In the world of cryptocurrencies, the market is driven not only by logic or solid fundamentals but also by emotions, expectations, and, above all, manipulation. Every four years, the crypto market cycle follows a repetitive pattern, partly driven by Bitcoin's halving, which creates scarcity, but also by a series of strategies designed to keep small investors in constant uncertainty.

First, let's look at the cryptocurrencies that are presented as "winners" in green charts. These, although unknown to most, capture attention by giving a sense of stability or growth. However, this narrative is frequently designed to redirect investors from losing coins to new projects that seem more attractive. Here comes the role of "FOMO" (fear of missing out): investors, upon seeing green numbers, jump from one coin to another without stopping to analyze, making them easily manipulable pieces on this large financial chessboard.

The constant movement of capital between cryptocurrencies is not casual. It is the result of a market that, like energy, is not destroyed but transformed.
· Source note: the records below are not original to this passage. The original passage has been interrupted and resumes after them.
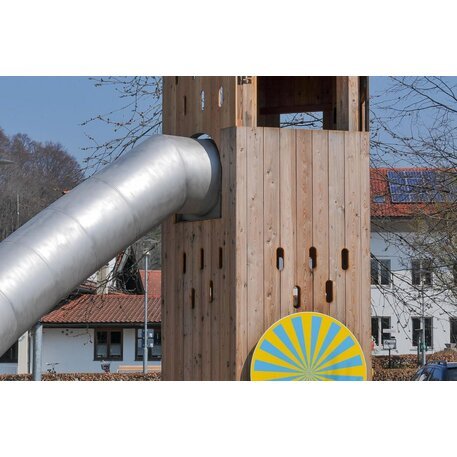 Bērnu rotaļu laukuma elements 'L3.20800 _Pentagonal Tower, larch and steel feet'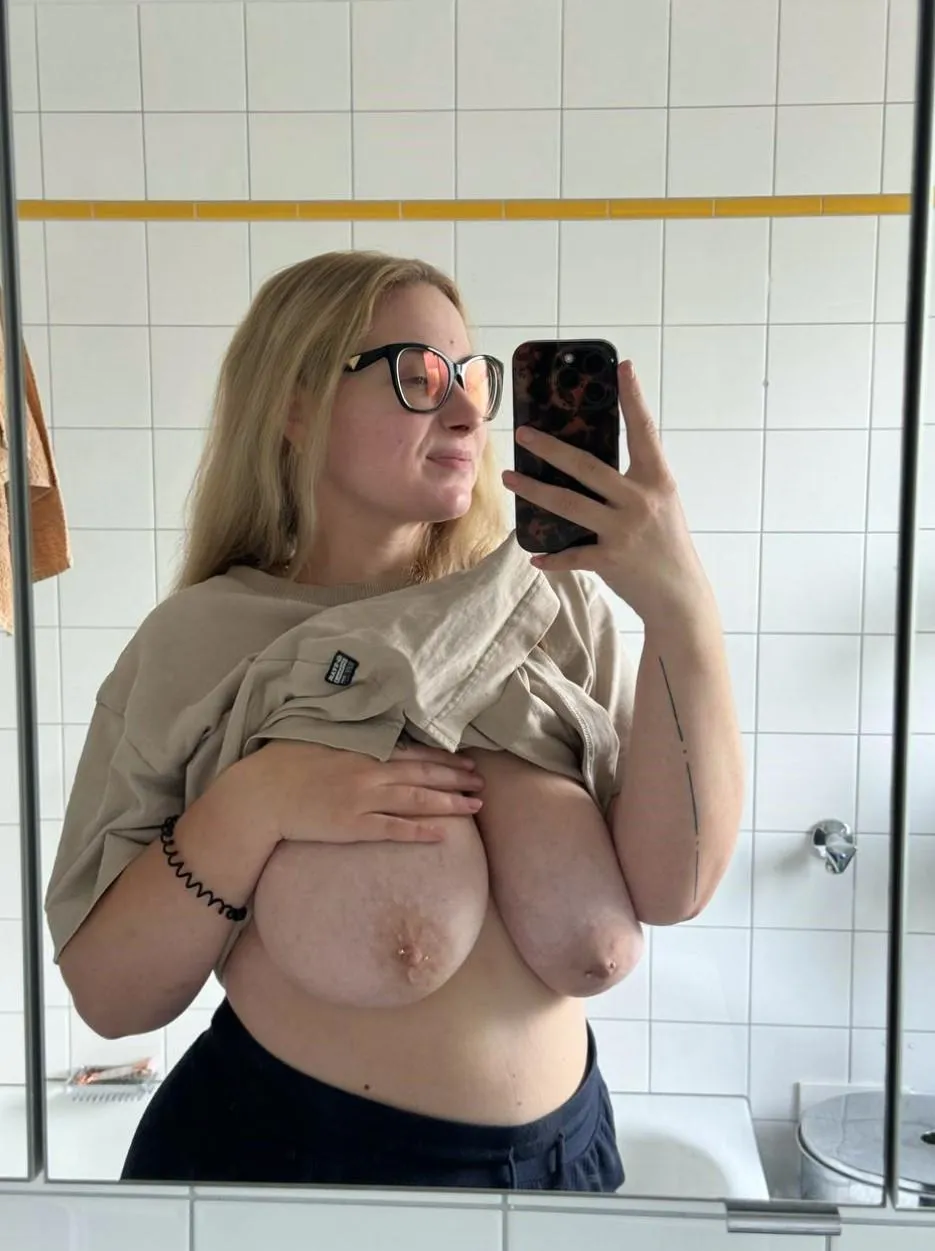 Are fat tits hotter when they sag, or when they squeeze tight in a bra?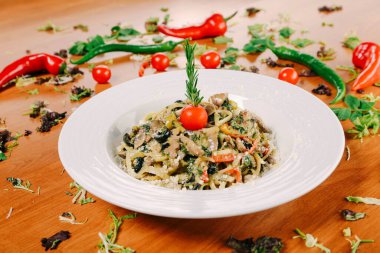 Taze salata tabağı ile karışık yeşillik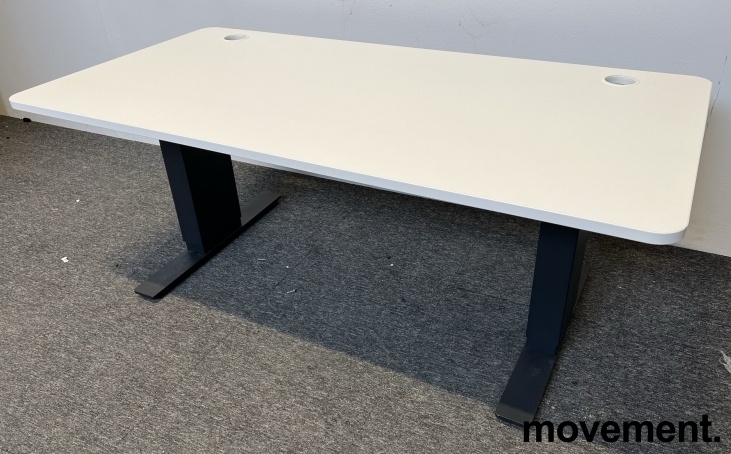 Solgt!Skrivebord med elektrisk hevsenk i - 1 / 3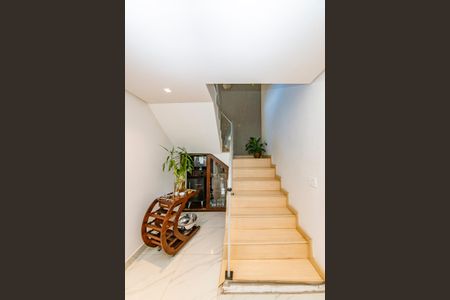 Casa à venda com 462m², 5 quartos e 4 vagasEscada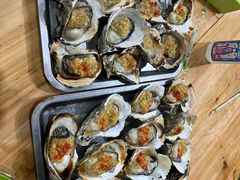 -蚝哥花姐湛江烤生蚝(美丽湾市场店)
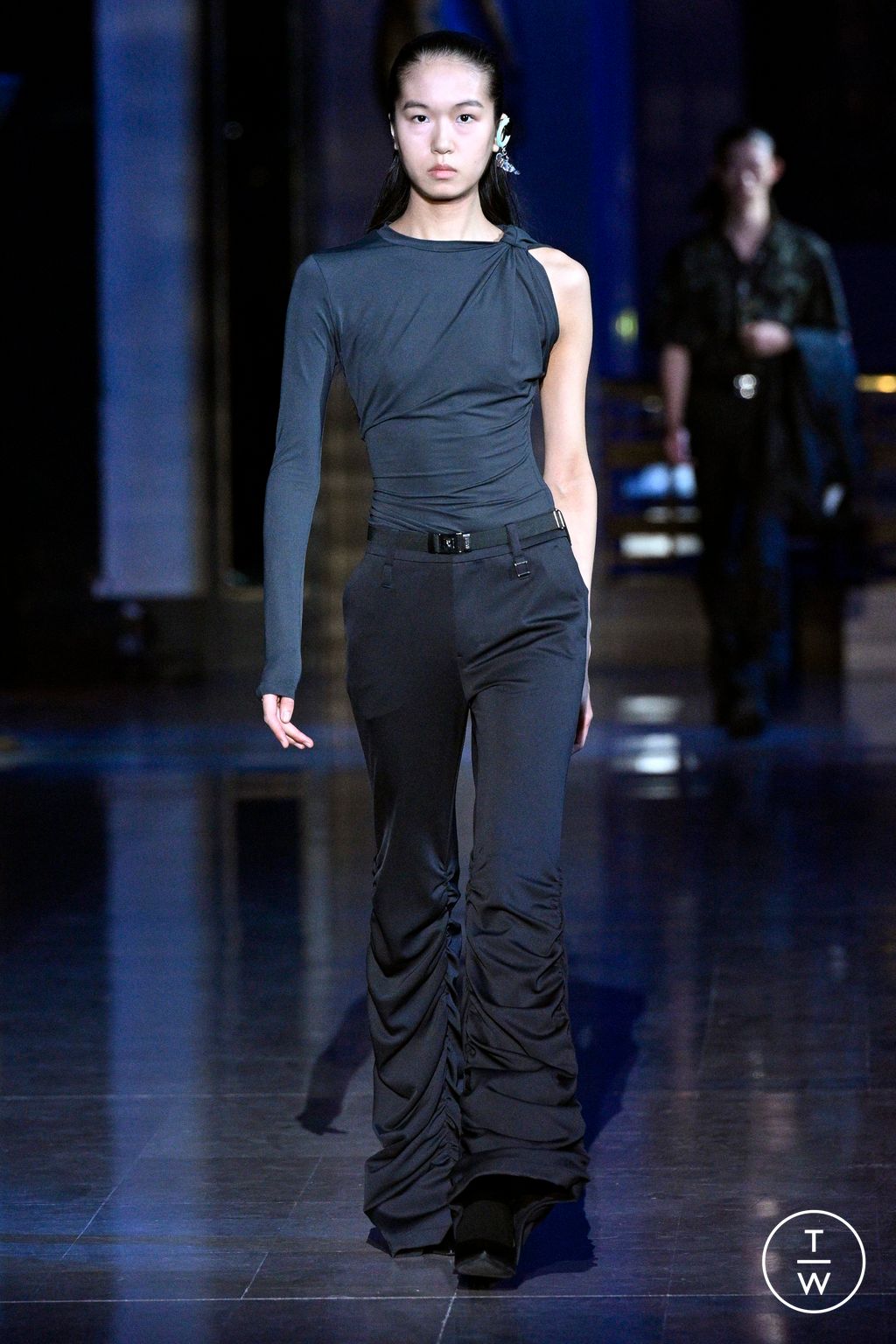 Fashion Week Paris Spring/Summer 2024 look 5 de la collection Wooyoungmi menswear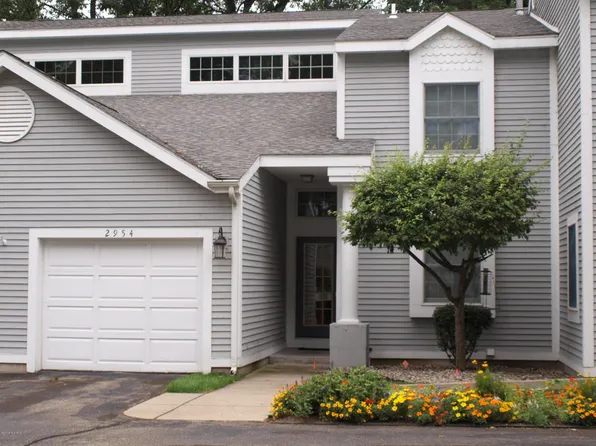 2954 Ridgeview St, Muskegon, MI 49445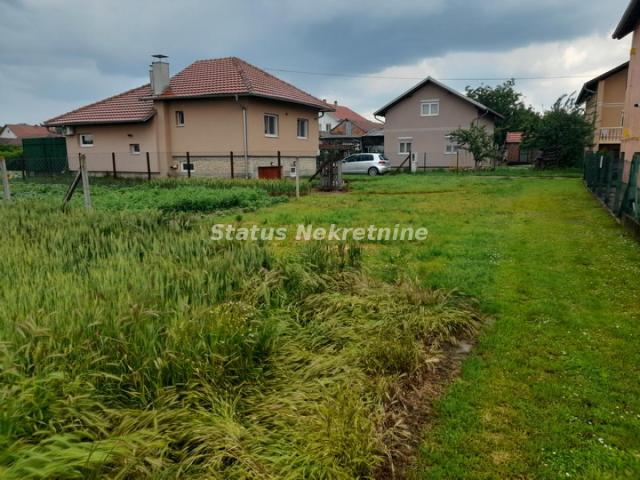 Futog-Odličan Građevinski plac 686 m2 u Novom Futogu-065/385 8880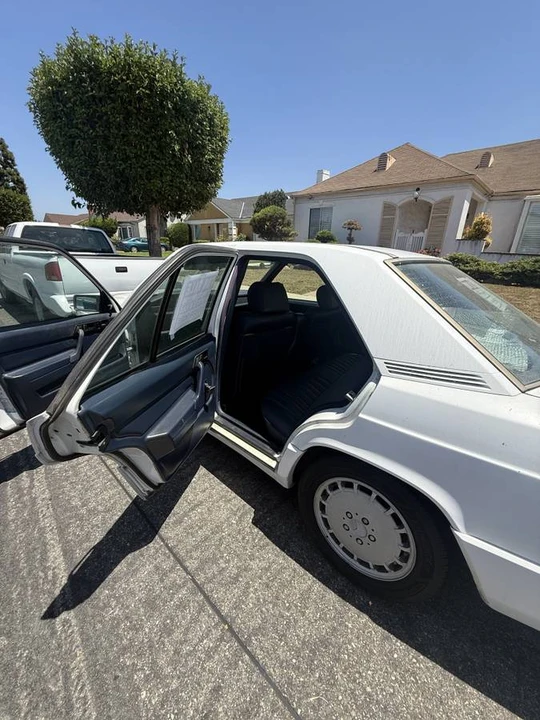 1990 Mercedes-Benz 190E - Image 4 of 9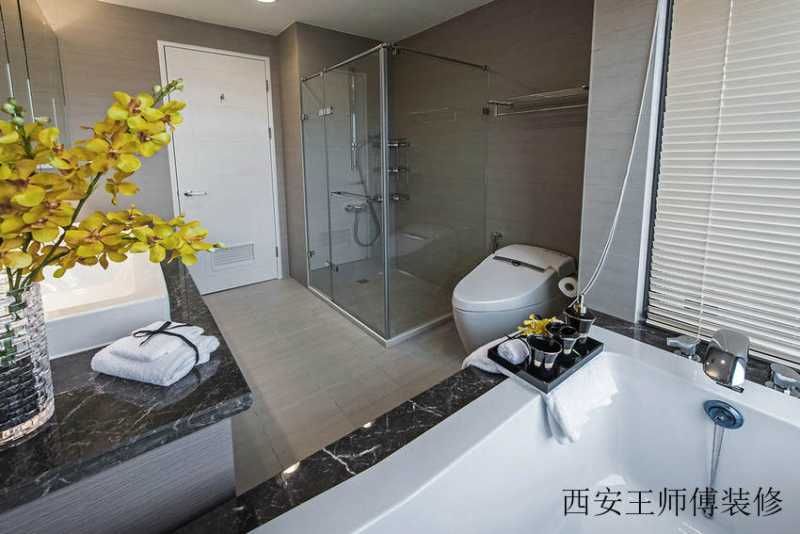 简约现代洗手间玻璃隔断效果图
The losses of many translate into gains for a few, creating a kind of "financial entropy." This concept reflects how money flows chaotically, leaving the most vulnerable at a disadvantage while the "whales" and issuers manipulate prices to maximize their profits.

Throughout these cycles, we have seen time and again how emotions take control: panic sells, enthusiasm buys. And it is here that large investors and issuers gain their advantage. Every four years, the market reinvents itself, but its essence remains: a game of constant movement, where knowledge and patience are the most valuable weapons.